• **Task directions**
From the line with "Modern 1-Bedroom Apartment To Let – Kilimani" through the line with "Used 2019 Red Ram Big Horn/Lone Star image 4", inclusive, return each line of the data below exactly and leave the rest out.

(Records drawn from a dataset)
#####
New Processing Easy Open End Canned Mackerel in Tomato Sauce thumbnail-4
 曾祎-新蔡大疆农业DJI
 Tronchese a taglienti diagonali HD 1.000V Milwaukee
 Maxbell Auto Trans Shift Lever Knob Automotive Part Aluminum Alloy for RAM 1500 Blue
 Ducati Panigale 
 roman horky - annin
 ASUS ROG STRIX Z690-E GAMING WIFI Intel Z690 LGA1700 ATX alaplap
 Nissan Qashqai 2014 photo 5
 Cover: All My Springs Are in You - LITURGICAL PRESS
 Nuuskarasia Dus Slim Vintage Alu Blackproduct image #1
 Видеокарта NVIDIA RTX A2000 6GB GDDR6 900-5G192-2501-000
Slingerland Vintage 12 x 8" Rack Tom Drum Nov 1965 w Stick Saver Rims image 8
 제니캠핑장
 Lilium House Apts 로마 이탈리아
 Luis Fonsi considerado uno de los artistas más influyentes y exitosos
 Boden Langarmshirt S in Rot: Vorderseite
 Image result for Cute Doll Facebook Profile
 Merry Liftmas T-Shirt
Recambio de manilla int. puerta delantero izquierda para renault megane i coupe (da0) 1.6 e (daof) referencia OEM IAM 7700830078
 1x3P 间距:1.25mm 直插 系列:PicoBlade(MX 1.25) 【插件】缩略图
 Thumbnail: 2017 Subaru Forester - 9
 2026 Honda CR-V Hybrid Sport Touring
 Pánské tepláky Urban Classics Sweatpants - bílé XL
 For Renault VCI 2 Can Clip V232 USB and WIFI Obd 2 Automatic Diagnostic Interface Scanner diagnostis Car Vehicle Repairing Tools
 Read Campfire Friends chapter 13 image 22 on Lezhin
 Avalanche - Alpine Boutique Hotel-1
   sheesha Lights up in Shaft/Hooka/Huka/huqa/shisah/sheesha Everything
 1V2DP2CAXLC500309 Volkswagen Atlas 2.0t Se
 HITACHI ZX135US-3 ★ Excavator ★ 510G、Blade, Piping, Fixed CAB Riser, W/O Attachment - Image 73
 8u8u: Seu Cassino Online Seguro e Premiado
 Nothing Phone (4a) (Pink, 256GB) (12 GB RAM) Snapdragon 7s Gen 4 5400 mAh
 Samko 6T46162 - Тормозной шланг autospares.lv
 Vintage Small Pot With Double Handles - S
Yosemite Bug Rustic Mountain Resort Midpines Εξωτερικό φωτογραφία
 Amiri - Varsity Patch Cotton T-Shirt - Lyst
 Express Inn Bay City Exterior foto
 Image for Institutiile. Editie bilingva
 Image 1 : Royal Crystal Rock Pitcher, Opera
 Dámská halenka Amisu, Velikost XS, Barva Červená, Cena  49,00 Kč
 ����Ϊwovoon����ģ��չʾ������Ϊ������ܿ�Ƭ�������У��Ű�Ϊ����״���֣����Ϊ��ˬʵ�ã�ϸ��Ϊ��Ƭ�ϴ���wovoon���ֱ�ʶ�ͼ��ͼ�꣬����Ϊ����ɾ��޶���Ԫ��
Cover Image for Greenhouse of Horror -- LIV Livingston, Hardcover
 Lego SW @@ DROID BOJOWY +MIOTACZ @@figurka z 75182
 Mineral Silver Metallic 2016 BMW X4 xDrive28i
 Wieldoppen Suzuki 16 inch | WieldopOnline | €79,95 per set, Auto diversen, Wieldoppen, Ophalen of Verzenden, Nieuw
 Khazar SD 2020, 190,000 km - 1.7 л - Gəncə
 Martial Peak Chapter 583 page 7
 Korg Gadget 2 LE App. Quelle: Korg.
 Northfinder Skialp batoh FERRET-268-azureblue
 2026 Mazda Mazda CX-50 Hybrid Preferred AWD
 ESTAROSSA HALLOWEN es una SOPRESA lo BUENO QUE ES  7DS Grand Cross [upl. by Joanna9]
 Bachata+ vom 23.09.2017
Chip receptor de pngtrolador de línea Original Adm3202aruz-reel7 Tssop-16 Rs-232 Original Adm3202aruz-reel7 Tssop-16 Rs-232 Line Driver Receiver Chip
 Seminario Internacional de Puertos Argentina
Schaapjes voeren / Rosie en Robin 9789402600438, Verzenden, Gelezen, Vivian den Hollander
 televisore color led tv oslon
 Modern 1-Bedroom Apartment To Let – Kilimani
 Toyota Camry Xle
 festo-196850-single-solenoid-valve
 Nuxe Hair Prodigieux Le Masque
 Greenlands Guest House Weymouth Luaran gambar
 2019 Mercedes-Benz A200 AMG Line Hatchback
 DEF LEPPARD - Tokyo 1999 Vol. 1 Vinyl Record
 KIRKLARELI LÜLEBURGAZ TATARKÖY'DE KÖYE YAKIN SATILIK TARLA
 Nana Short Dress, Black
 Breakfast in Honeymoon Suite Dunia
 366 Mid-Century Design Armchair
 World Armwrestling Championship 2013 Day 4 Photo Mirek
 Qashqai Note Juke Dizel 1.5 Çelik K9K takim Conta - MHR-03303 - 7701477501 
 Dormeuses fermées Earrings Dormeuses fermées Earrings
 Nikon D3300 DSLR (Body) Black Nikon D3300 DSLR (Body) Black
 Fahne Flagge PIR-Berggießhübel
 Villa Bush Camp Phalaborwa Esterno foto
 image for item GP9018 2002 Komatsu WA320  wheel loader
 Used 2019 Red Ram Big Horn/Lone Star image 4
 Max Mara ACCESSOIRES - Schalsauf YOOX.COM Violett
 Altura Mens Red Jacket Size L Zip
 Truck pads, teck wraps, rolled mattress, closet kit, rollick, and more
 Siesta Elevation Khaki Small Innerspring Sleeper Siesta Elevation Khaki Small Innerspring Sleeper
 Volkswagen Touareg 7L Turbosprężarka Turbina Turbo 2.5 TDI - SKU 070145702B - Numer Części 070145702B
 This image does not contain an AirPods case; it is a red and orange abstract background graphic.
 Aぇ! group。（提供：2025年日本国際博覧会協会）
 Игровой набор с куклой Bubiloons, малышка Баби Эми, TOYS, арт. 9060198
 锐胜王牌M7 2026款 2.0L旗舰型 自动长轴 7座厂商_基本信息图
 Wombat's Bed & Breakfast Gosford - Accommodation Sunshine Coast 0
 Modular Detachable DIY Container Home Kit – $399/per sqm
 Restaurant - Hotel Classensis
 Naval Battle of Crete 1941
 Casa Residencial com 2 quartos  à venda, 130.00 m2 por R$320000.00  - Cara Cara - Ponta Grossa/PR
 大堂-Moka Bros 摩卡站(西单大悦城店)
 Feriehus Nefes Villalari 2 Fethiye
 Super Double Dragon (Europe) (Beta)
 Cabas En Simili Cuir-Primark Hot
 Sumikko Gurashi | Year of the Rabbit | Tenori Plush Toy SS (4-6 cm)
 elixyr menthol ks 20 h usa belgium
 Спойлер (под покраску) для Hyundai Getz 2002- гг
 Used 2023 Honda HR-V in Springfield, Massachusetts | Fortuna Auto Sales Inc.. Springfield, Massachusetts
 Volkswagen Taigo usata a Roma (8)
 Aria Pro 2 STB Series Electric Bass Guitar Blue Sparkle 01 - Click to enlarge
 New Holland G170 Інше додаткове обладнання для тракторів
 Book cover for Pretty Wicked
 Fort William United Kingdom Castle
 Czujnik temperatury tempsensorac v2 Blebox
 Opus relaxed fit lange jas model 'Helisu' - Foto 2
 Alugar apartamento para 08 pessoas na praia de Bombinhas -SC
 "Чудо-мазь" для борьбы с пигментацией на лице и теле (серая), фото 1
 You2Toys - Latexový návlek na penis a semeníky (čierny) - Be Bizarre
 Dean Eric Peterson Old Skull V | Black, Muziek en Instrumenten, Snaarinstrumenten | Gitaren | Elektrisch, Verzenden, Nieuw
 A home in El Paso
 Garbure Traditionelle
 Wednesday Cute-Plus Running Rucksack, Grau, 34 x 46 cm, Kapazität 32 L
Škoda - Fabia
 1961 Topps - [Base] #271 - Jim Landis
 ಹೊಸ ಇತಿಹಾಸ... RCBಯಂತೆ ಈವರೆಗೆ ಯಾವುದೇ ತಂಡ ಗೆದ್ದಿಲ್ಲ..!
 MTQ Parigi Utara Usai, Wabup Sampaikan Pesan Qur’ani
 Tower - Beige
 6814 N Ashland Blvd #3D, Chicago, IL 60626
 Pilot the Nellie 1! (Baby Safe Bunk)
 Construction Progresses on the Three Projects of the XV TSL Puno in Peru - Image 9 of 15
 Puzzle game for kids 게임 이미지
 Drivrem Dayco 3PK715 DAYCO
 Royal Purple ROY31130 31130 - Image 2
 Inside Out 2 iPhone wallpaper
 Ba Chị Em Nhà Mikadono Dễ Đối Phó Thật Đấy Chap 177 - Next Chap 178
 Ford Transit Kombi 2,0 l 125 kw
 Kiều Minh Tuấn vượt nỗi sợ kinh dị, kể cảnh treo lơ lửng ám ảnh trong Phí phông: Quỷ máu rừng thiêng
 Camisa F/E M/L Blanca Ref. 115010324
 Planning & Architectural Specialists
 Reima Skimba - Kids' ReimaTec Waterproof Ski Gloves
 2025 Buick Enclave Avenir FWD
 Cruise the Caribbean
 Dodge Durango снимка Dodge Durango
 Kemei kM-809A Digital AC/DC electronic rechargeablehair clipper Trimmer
#####
• **Solution below**
 Modern 1-Bedroom Apartment To Let – Kilimani
 Toyota Camry Xle
 festo-196850-single-solenoid-valve
 Nuxe Hair Prodigieux Le Masque
 Greenlands Guest House Weymouth Luaran gambar
 2019 Mercedes-Benz A200 AMG Line Hatchback
 DEF LEPPARD - Tokyo 1999 Vol. 1 Vinyl Record
 KIRKLARELI LÜLEBURGAZ TATARKÖY'DE KÖYE YAKIN SATILIK TARLA
 Nana Short Dress, Black
 Breakfast in Honeymoon Suite Dunia
 366 Mid-Century Design Armchair
 World Armwrestling Championship 2013 Day 4 Photo Mirek
 Qashqai Note Juke Dizel 1.5 Çelik K9K takim Conta - MHR-03303 - 7701477501 
 Dormeuses fermées Earrings Dormeuses fermées Earrings
 Nikon D3300 DSLR (Body) Black Nikon D3300 DSLR (Body) Black
 Fahne Flagge PIR-Berggießhübel
 Villa Bush Camp Phalaborwa Esterno foto
 image for item GP9018 2002 Komatsu WA320  wheel loader
 Used 2019 Red Ram Big Horn/Lone Star image 4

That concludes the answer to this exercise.